# PROBLEM TO SOLVE
Data follows below. Repeat exactly the lines between the line holding "Equation (C.1)" and the line holding "Nissan Versa 2016 3N1CE2CPXGL385778 Image 18", inclusive, and nothing more; drop pictures.

-- DATA FOR THE TASK follows --

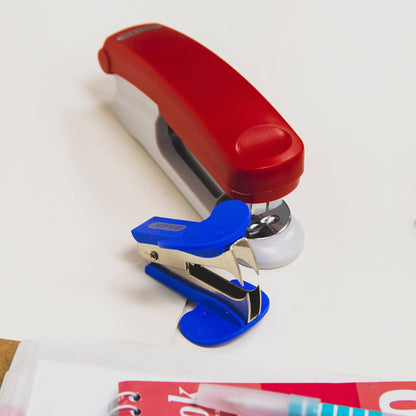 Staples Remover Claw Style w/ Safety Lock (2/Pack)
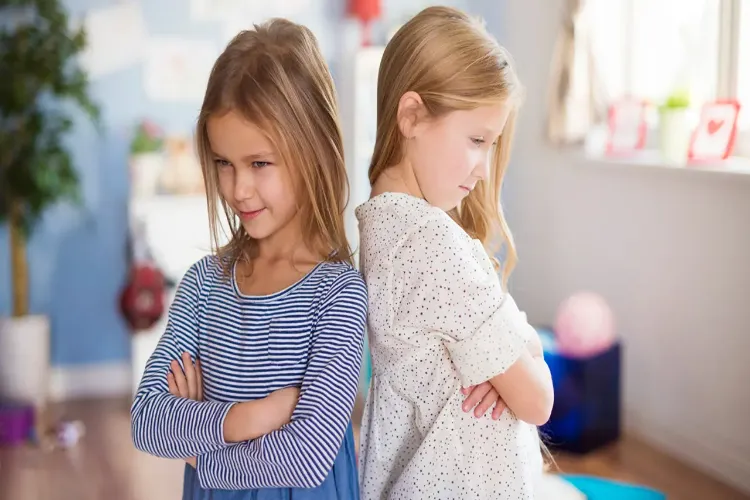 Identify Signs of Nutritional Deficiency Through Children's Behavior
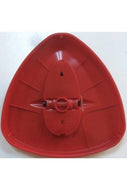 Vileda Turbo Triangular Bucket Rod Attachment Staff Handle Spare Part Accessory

-- DATA FOR THE TASK concluded --
-- DATA FOR THE TASK follows --

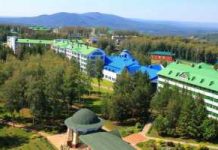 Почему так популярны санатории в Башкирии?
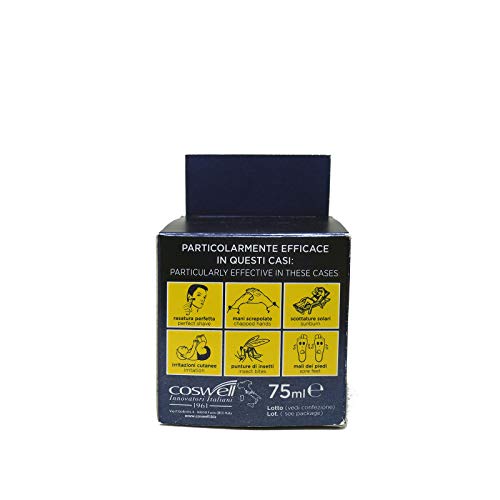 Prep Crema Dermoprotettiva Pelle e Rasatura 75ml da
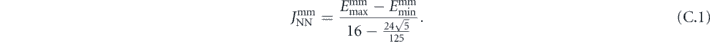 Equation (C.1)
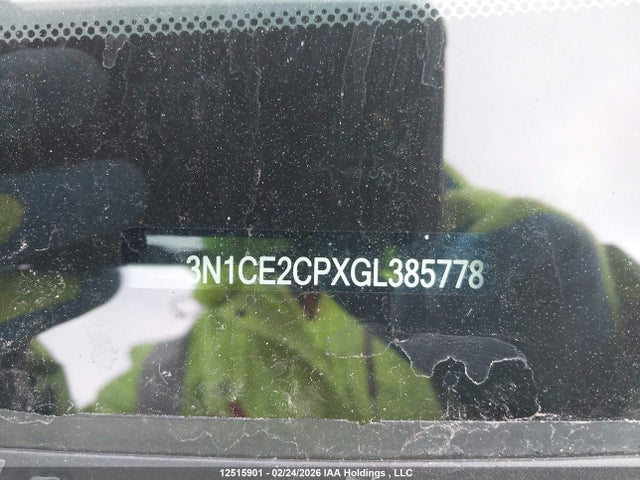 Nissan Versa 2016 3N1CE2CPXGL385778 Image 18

-- DATA FOR THE TASK concluded --

# SOLUTION FOR THIS TASK
 Equation (C.1)
 Nissan Versa 2016 3N1CE2CPXGL385778 Image 18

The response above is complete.